JPH0429824B2 - - Google Patents

Abstract

A glass assembly for forming a wall or roof-light, comprises a planar array of sealed multiple glazing units which are secured to supporting members (24) by mechanical fixings (12 to 20) which pass through the outer sheets (3) of the units outside the seals (8, 9) of the units. The outer sheets (3) are sealed (4) edge-to-edge.

Description

Detailed Description of the Invention (Technical Field) The present invention relates to a double glass plate unit for forming, for example, a building wall or a translucent roof, and a double glass plate unit constructed by sequentially arranging such double glass plate units. It relates to glass assemblies.

(Prior Art) As a glass wall assembly, there is a suspended glass wall assembly, as described in European Patent Publication No. 0024857, in which adjacent glass plates are fixed to a holder/patch plate by mutual fixing means. The holder/patch plate itself is fixed to the building's construction components. Typically, patch plates are placed at each of the four corner joints of adjacent glass panes and are visible from the outside of the building. The spaces between the edges of the glass plates are sealed using silicone sealant. In this assembly device, the patch plate is flexibly fixed to the vertical fixing glass fin or frame member of the building structure, but it gives the impression that the continuity of the glass plate is interrupted.

Single glass wall assemblies have also been manufactured in which a plurality of glass panes are secured edge-to-edge in a flat row. Note that the corners of these assemblies are fixed to the frame members of the building structure by bolts that penetrate from the outside through slotted holes formed in the corners of the glass plate. The air space between the glass plates is sealed with silicone sealant.

Double glass plate wall assemblies are also known;
a plurality of sealed double glass pane units are fixed edge to edge in a flat row;
Seal the spaces between each unit with silicone sealant. However, it is difficult to mechanically secure these units without compromising the continuous, flat appearance of the exterior surface, and for this reason the units have typically been secured to support structures using adhesives.

(Objective of the Invention) The main object of the present invention is to provide a support member provided on a structure without impairing the appearance of a continuous, flat outer surface with no irregularities, by mechanically attaching it very easily and without the risk of damaging the glass plate.

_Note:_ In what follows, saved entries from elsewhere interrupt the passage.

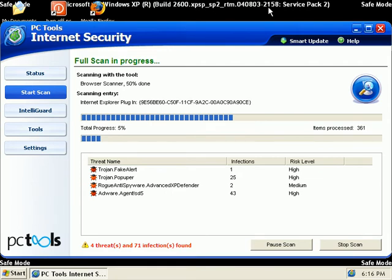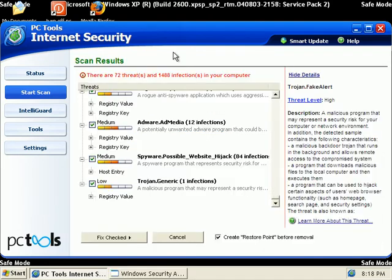So when we come back, we'll remove everything, take a look at the results. And when we reboot, we better have a clean PC. I'll be right back.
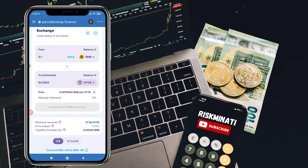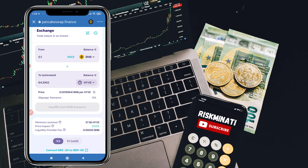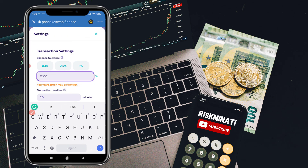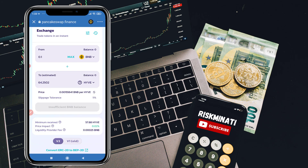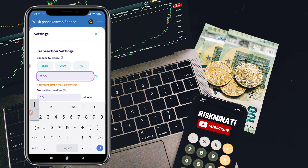After importing Hive, you can see how much Hive you will receive — for example, 0.1 BNB would get you around 64.25 Hive. If it gives you an error, check the slippage tolerance in Settings. If it's set to 0.3 or 0.1, change it to 11%. If that still gives an error, try 12% — it will definitely work at 11 or 12%.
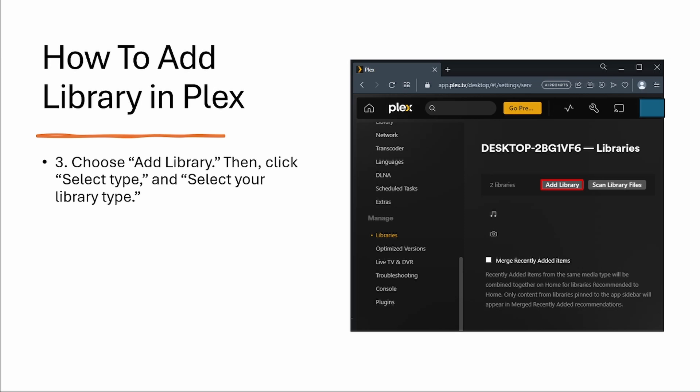Step three, choose add library. Then click select type and select your library type.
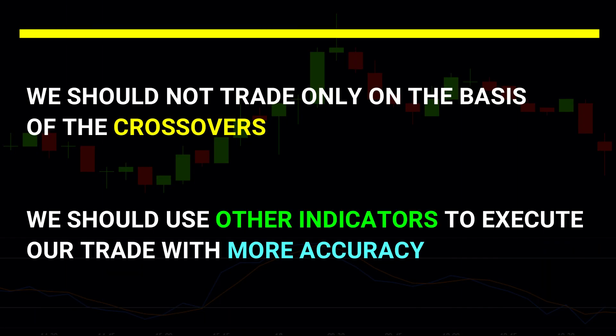We should not trade only on the basis of crossovers. We should use other indicators to execute our trades with more accuracy.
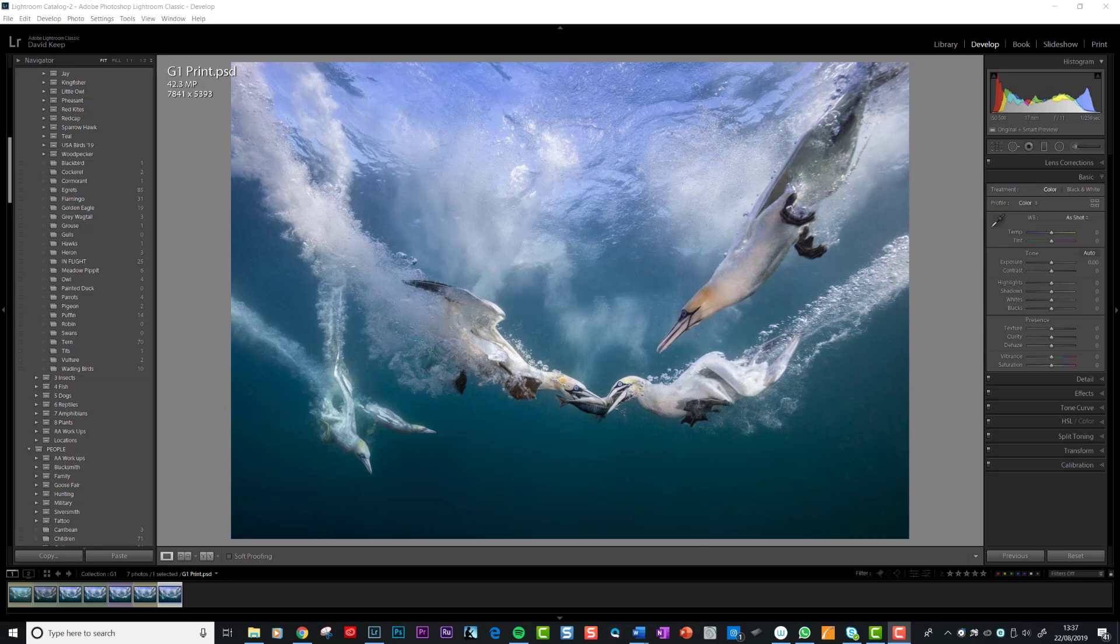A number of people have asked me about printing from Lightroom, so I thought I'd record this very short tutorial on how I do it. We've got an image here which has been sharpened for print, which is a different method of sharpening than for projected images. Here's the image back in Lightroom, so I do all my printing from Lightroom.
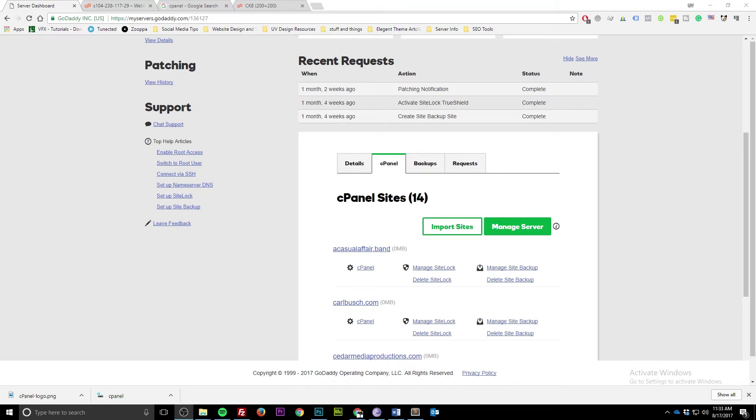Today on UV Design Tips and Tricks, we show you how to create a cPanel account on your VPS dedicated server.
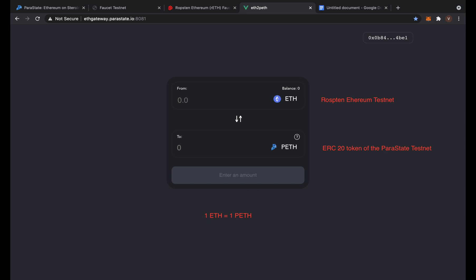Hello everyone, today I will show you how to use the Parastate Ethereum Gateway. Just a quick note before we start: this demonstration is using the Ropsten Ethereum Testnet, not the Ethereum Mainnet. So please ensure that you're always connected to the Ropsten Ethereum Testnet and not the Ethereum Mainnet for the duration of this video. Okay, let's get started.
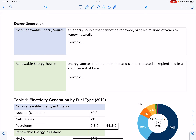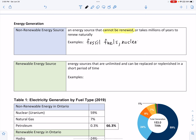We move on to energy generation. There are two ways to generate electricity. Non-renewable energy sources are those that cannot be renewed, or take millions of years to renew naturally. These include fossil fuels, which we burn to release energy and take millions of years to regenerate, and nuclear power, which uses radioactive elements found naturally in nature.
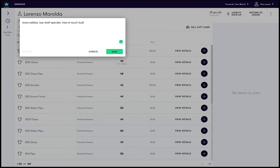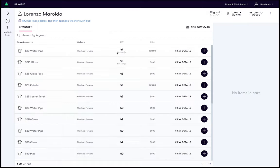To save this note, simply click save. You will notice these details we just added now show below the customer name. In addition, these notes will show every time you engage with the customer again in the future.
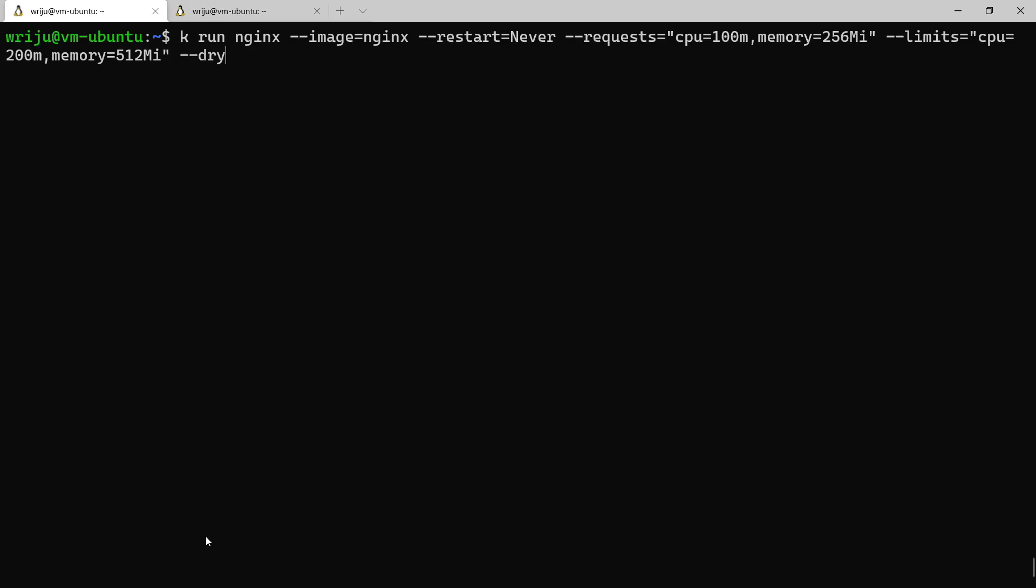Let's see that we generate a YAML output and then I say pod limit, so that the file will be created as podlimit.yaml.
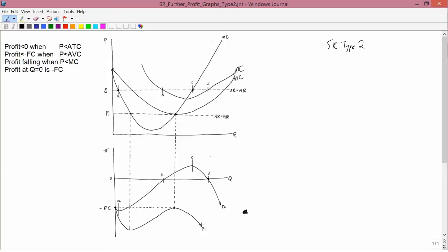In the upper left are the standard rules that we've been using all along. The last one is pretty trivial but we'll always use it: profit at Q equals zero is minus fixed cost, so we always start at minus fixed cost. I like to use the first rule next — compare price to average total cost, or equivalently average revenue with average total cost, to see if we're going to get positive profits anywhere.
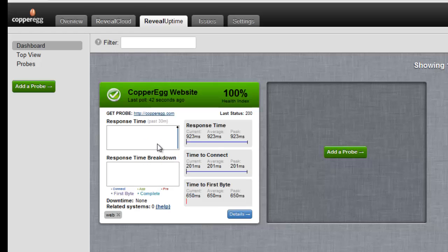There you have it and you can see the website is now being monitored. Thank you for trying Reveal Uptime and I appreciate your time.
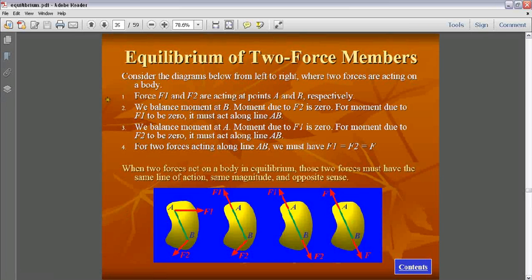In step one, forces F1 and F2 are acting at points A and B respectively. If you balance the moment at B, then the moment due to F2 is zero because F2 passes through B, so F1 has to pass through B and must be aligned with line AB. Similarly, if you balance the moment at point A, you determine that force F2 must also be aligned with line AB.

It can be firmly fixed to the
Consists of a sealed double glass plate unit,
For example, it is an object of the present invention to provide a novel glass assembly for use in translucent walls or roofs that also has excellent heat insulation and sound insulation effects.

(Structure of the Invention) To achieve this object, the double glass plate unit of the present invention has a polygonal outer glass plate and a shape that is approximately the same size as the outer glass plate but with all corners cut off. an inner glass plate that is spaced apart from the outer glass plate and superimposed on the indoor side of the outer glass plate, and a seal that is arranged between the outer glass plate and the inner glass plate along the contour of the inner glass plate. and sealing means for partitioning a gas space, and a bolt through hole is provided in a flange area formed at a corner of the outer glass plate.

Furthermore, in order to achieve the above-mentioned object, the glass assembly of the present invention has a polygonal outer glass plate, approximately the same size as the outer glass plate, but with all corners cut off; An inner glass plate that is separated and superimposed on the interior side of the room, and a sealing means that is arranged between the outer glass plate and the inner glass plate along the contour of the inner glass plate to partition a sealed gas space. A double glass plate unit having a bolt through hole provided in a flange area formed at the corner of the outer glass plate, and a second glass plate unit mechanically fixed by abutting against a long support member provided on the structure. bracket means having one abutment surface and a second abutment surface that closely abuts at least an end face of the inner glass plate; and a flange area of the outer glass plate of the double glass plate unit and a bolt through hole of the elongated support member. mechanical fixing means for mechanically fixing said bracket means, said double glass plate units being arranged and fixed in a plurality of flat rows along an elongated support member provided on a structure; The outer glass plate of the unit is attached so as to butt against the edge of the outer glass plate of another adjacent unit.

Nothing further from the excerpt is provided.